Olympic bronze medalist Molly Seidel was roasted by sister Izzy with the music choice in this Instagram reel, but her method of dousing herself in ice mid-run is a solid one. Cooling the neck was shown to help you run farther in the heat, according to research published in 2011 in Medicine & Science in Sports & Exercise, and some runners also target the shoulders and chest. The key is in the surface area: “The more skin that you can get cold water on, the more beneficial it will be versus focusing on a specific body part,” says Casa.

That’s one of the reasons you’ll see runners dashing through misters and sprinkles along race courses. Fanning and misting the face can reduce an athlete’s rate of perceived exertion, according to a 2004 study published in the European Journal of Applied Physiology.

“The face has got quite a dense nervous system, so you get that sense of perceptual cooling,” says Gibson, “but there are also a ton of capillaries in the face, which are ultimately the things you want to cool down because they contain the blood that’s going to return back to the body.” So not only does this method cool the surface of the skin, but it helps cool the circulating blood.

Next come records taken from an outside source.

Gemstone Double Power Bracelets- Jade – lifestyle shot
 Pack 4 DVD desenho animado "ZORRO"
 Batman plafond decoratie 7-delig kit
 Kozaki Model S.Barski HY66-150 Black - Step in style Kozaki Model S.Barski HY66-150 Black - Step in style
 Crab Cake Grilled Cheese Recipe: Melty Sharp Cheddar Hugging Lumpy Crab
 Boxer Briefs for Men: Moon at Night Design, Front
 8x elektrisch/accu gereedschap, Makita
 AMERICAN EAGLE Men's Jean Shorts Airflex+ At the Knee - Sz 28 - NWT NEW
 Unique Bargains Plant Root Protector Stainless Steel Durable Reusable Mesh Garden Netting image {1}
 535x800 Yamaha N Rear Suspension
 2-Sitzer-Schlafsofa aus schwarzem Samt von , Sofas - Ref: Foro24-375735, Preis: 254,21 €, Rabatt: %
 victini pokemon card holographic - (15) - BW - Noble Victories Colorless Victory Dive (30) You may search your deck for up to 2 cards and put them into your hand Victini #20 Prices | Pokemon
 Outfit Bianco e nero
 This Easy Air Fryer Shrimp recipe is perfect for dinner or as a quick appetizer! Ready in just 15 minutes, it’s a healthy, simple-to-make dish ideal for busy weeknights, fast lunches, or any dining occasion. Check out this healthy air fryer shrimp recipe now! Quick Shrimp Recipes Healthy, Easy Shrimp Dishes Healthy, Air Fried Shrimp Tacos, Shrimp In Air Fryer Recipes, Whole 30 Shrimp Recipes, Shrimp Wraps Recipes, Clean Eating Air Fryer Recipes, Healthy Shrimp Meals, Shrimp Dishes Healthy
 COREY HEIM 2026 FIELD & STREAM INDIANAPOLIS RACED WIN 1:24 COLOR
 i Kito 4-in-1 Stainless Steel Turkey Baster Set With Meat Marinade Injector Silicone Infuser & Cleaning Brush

Your head is another area that plays a huge role in body temp; putting ice on your head allows for the water to trickle down, cooling your neck and back as well. “Again, it’s about surface area,” says Casa. “Runners have limited options for connecting cold with their body while maintaining their pace,” he explains.

And, as important as hydration is in a hot race, you’d actually be better served by dumping that cup of water from the aid station on yourself versus drinking it if your goal is cooling down, according to a 2016 study in Temperature. Don’t do that in lieu of drinking, but think about grabbing two cups at the aid station—one for your mouth and one for your body.

After the race

While the most effective option to cool down after a scorching hot race is to immediately immerse yourself in a cold-water bath, that’s not always the most realistic option. But post-cooling applied directly after exercise improves subjective recovery, since it lowers the symptoms of delayed onset muscle soreness after 24 and 96 hours of recovery, a 2016 study published in the journal Temperature found.

Similar to during the race, applying cold water to as much of your body as possible will help bring your body temp back down, says Casa—think cold towels, pouring water on your clothes and letting them air dry, or dunking your face in a tub of water. If you can find a fan, stand in front of it and use it like a natural AC. When that air flow hits your sweaty clothes, you get the same evaporation effect that cools you when you sweat, says Gibson.

If you aren’t able to do any of that, “the most critical tool for cooling post-race is to escape from the source of heat,” says Gibson. Get into the shade, under a tent, in a car with AC—anything that gets you out of direct exposure to the sun. And if you feel nauseous, spacey, headachy, are seeing spots, or feel off otherwise, get yourself to a medical tent STAT. Those are signs of heat illness, something that can affect even the most seasoned runners.

But don’t let high temps and humidity turn you off from summer and fall races—just go into it with a strategy and listen to your own body and you’ll be able to beat the heat.